4. The combined stamping and screw riveting stamping device according to claim 1, characterized in that: The upper mold forming section is equipped with a punch.

5. The stamping and screw riveting composite stamping device according to claim 1, characterized in that: The second riveting part of the upper die is provided with a punch, and a pressure sensor is provided between the punch and the upper die. The pressure sensor is communicatively connected to the stamping control system.

6. The combined stamping and screw riveting stamping device according to claim 1, characterized in that: The lower die is provided with a raw material support assembly, which is used to support the stamping raw material to slide sequentially through the forming part, the first riveting part, and the second riveting part of the upper die.

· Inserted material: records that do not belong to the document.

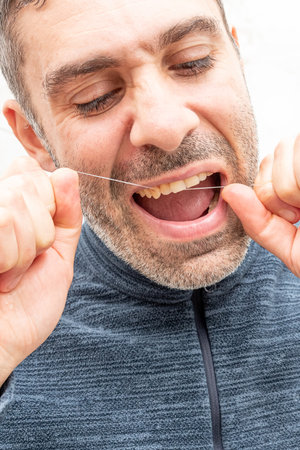 Young man brushing teeth dental floss at home in bathroom, lifestyle daily beauty routineの写真素材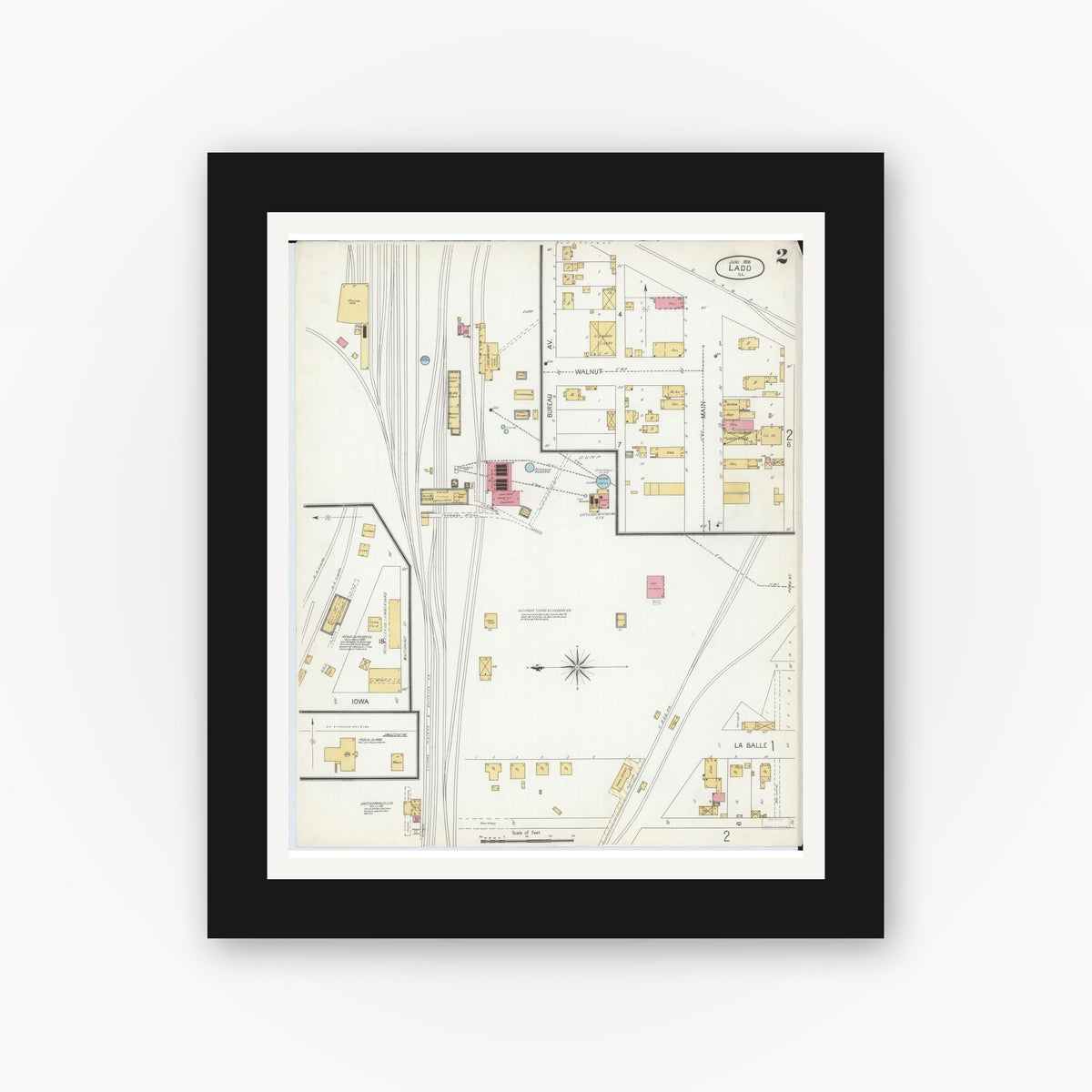 Old map wall art mockup — black gallery frame with white mat — Sanborn Fire Insurance Map from Ladd, Bureau County, Illinois (1906), Sheet #0002
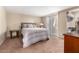 Bedroom with carpet, slider to outside and a closet at 9340 N 92Nd St # 120, Scottsdale, AZ 85258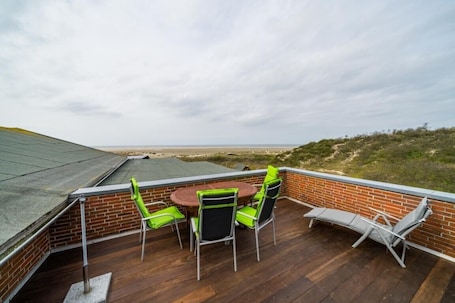 Speisen im Freien. Ferienwohnung 'Appartement Uitkieck' mit Meerblick, Gemeinschaftsterrasse und Wi-Fi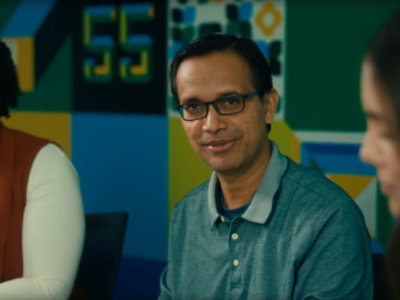 Three people are sitting together in a meeting room with colorful walls.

7. The stamping and screw riveting composite stamping device according to claim 6, characterized in that: The raw material support assembly includes a plurality of first support columns and a plurality of second support columns of equal number. Each first support column corresponds to a second support column to form a symmetrical structure. The first support columns and second support columns are arranged along the width direction of the lower mold, and the plurality of first support columns and second support columns are evenly arranged along the length of the upper mold. The upper mold is provided with a clearance groove at the position of each first support column and the plurality of second support columns to avoid the first support columns and second support columns. The opposing surfaces of the first support columns and second support columns are all recessed with clamping grooves. The clamping grooves provided on the first support columns and second support columns are all provided through the lower mold along the length direction of the lower mold. The forming part, the first riveting part, and the second riveting part provided on the upper mold are all located between the first support columns and the second support columns.

8. The stamping and screw riveting composite stamping device according to claim 1, characterized in that: The upper mold has vertical guide posts at each of its four corners, and the lower mold has guide holes at each of its four corners that match the size of the guide posts. Each guide hole is fitted with a corresponding guide post.